Além da amizade, Greil Marcus e Sean Wilentz têm outra relação em comum. Eles receberam a aprovação de Bob Dylan para criticá-lo. Ambos pertencem ao conjunto oficial dos críticos dylanescos: Allen Ginsberg, Johnny Cash, Nat Hentoff, Pete Hamill, Tony Glover, Tom Piazza. Marcus, de 65 anos, e Wilentz, de 59, admiram Dylan desde a juventude. O autor de The Times They Are A-Changin’ é para eles um símbolo quase sagrado. Os livros mais recentes de Marcus e Wilentz comentam esse objeto de grande paixão.
Bob Dylan by Greil Marcus: Writings 1968-2010 (PublicAffairs, 482 págs., US$ 29,95) e Bob Dylan in America (Doubleday, 390 págs., US$ 33), de Wilentz, vêm na esteira do aniversário de 70 anos do compositor norte-americano, a ser comemorado em 24 de maio. Neste mês, Dylan anunciou para abril quatro apresentações na Austrália. Nova York deu início à efeméride com shows e um simpósio.
A paixão de Marcus nasceu com a ajuda de Joan Baez em Nova Jersey. O ano era 1963, e Baez convidou Dylan ao palco para interpretar algumas músicas. Marcus conta que naquele momento “se sentiu convocado a observar aquele cara de ombros caídos e aparência desgrenhada”. “De onde ele veio? Qual a idade? Ele desafiou de maneira absurda a minha compreensão”, escreve o jornalista.
Assim se explica a gênese de Bob Dylan By Greil Marcus, o terceiro livro do crítico sobre o compositor. (Os outros são Like a Rolling Stone: Bob Dylan at the Crossroads e Invisible Republic: Bob Dylan’s Basement Tapes. A convite de Dylan, ele escreveu o encarte de The Original Mono Recordings).
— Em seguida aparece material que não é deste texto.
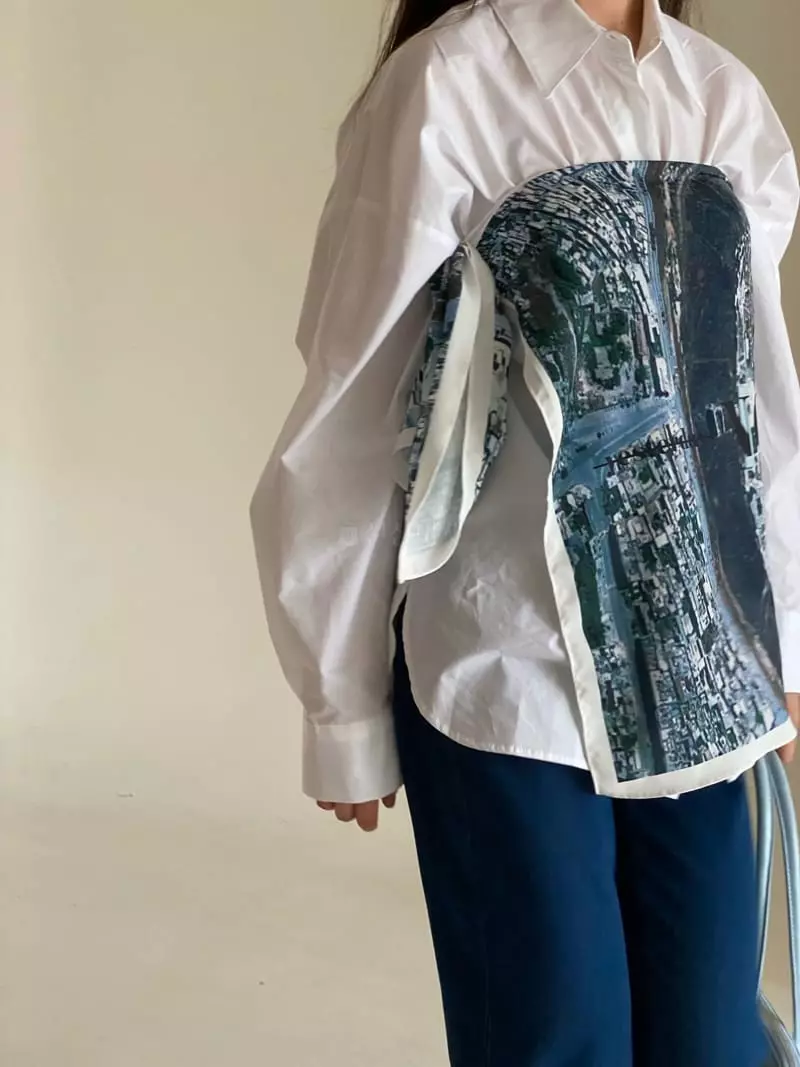 Villabutton - Korean Women Fashion - #momslook - Ggare Muffler - 5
O volume reúne trabalhos publicados na imprensa entre 1968 e 2010. Inclui um texto de estrutura fragmentada sobre o álbum duplo Self Portrait. Divulgado na revista Rolling Stone de 23 de julho de 1970, ele é considerado uma das melhores críticas sobre uma gravação. Nesse escrito, o jornalista exercita a sua principal crença sobre o exercício da crítica: “Eu me interesso pelos efeitos das músicas de Dylan em mim e nos outros, e não pelo significado delas.”
Greil Marcus se confessa fã de Bob Dylan. Está entre “aqueles que procuram os cigarros que a lenda joga no chão.” Ele se refere a uma descrição de Paul Simon a respeito do fascínio exercido por Dylan. Segundo Simon, o artista desperta com intensidade, tanto nos admiradores como nos detratores, a vontade de participar da sua criação. “Faminto por um símbolo, o mundo costuma segui-lo por aí, à espera de que ele deixe cair uma guimba de cigarro”, explica Simon. A parte mais assustadora dessa história é que as pessoas, diz Simon, acham um sentido na bituca descartada pelo ídolo. Marcus afirma, no entanto, que o tempo deu mais frieza às suas análises.
Na divisão de seu livro, 1992 é o ano em que Dylan apresenta novidades na composição em relação aos anos 1960, quando é transformado em mito. Para Marcus, o disco Good As I Been to You (1992) é uma síntese – feita por um criador mais livre – de toda a produção anterior. Não à toa, um pouco mais da metade do volume apresenta textos dos últimos 13 anos. O jornalista termina dizendo que a música The Times They Are A-Changin’ ganhou pleno sentido somente com os novos ares trazidos pela eleição de Barack Obama.